Nicole D'Orleans, however, had already heard the news.

Rune stood in the doorway of the apartment in a high-rise in the Fifties, watching the woman lean against the doorjamb, exhausted by the weight of sorrow. Her face was puffy. Along with the tears, she'd scrubbed away some of the makeup, but not all. It made her face lopsided.

Nicole straightened up and said, "Like, sorry. Come on in."

The rooms were cool and dark. Rune smelled leather and perfume and the faint fumes of the vodka that Nicole had been drinking. She glanced at the blotches of modern paintings on the wall, the theatrical posters. She noticed some framed signatures. One looked like it said George Bernard Shaw. Most she didn't recognize.

They walked into a large room. A lot of black leather, though not kinky the way you'd think a porn star's apartment would be. More like some millionaire plastic surgeon would have. There was a huge glass coffee table that looked like it was three inches thick. The carpet was white and curled around the toes of Rune's boots. She saw packed bookshelves and remembered the way she and Shelly had looked through some of Rune's books just that morning and she wanted to cry. But forced herself not to because Nicole seemed to be pulling up just shy of hysterical.

The woman had her mourning station assembled. A box of Kleenex, a bottle of Stoly, a glass. A vial of coke. She sat down in the nest of the couch.

"I've forgotten your name. Ruby?"

"Rune."

"I just can't believe it. Those bastards. They're supposed to be religious but that's not the way good Christians ought to be. Fuck 'em."

"Who told you?" Rune asked.

"The police called one of the producers. He called everyone in the company… Oh, God."

Nicole blew her broad nose demurely and said, "You want a drink? Anything?"

Rune said, "No. I just came by to tell you. I was going to call. But that didn't seem right-you two seemed close."

Nicole's tears were streaming again but they were the sort that don't grab your breath and her voice remained steady. "You were with her when it happened?" She hadn't heard Rune's refusing a drink, or had decided to ignore it, and was pouring Stoly over small, half-melted ice cubes.

"I was in the street, waiting for her. We were going to a party."

"The AAAF party, sure."

The memory of which set off another jag of tears.

Nicole handed Rune the drink. She wanted to leave but the actress looked at her with such wet, imploring eyes that she eased into the hissing leather cushions and took the offered glass.

"Oh, Rune… She was one of my best friends. I can't believe it. She was here this morning. We were joking, talking about the party-neither of us really wanted to go to it. And she made breakfast."

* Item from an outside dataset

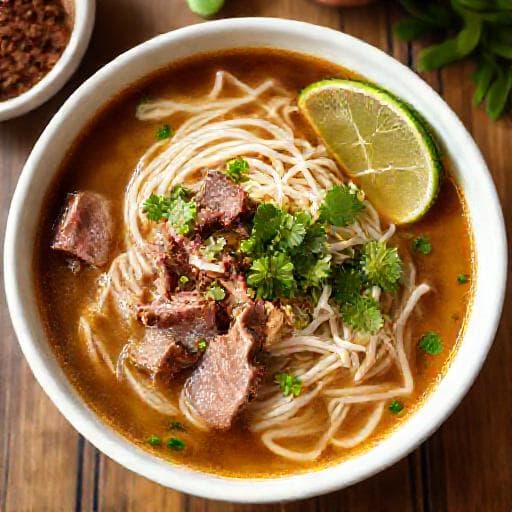 Rask Pho Bo (Forenklet)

What should I say? Rune thought. That it'll be all right? Of course it won't be all right. That time heals all wounds? Forget about it. No way. Some wounds stay open forever. She thought of her father, lying in a Shaker Heights funeral home years ago. Death changes the whole landscape of your life, forever.

Rune sipped the clear, bitter drink.

"You know what's unfair?" Nicole said after a moment. "Shelly wasn't like me. Okay, I do a pretty good job. I've got big boobs so men like watching me and I think I know how to make love pretty good. And I like what I do. I make good money. I've even got fans send me letters. Hundreds of 'em. But Shelly, she didn't like the business. It was always like she was carrying around a, you know, burden of some kind. She would've done something else if she had a chance. Those religious nuts… It's not fair they picked her."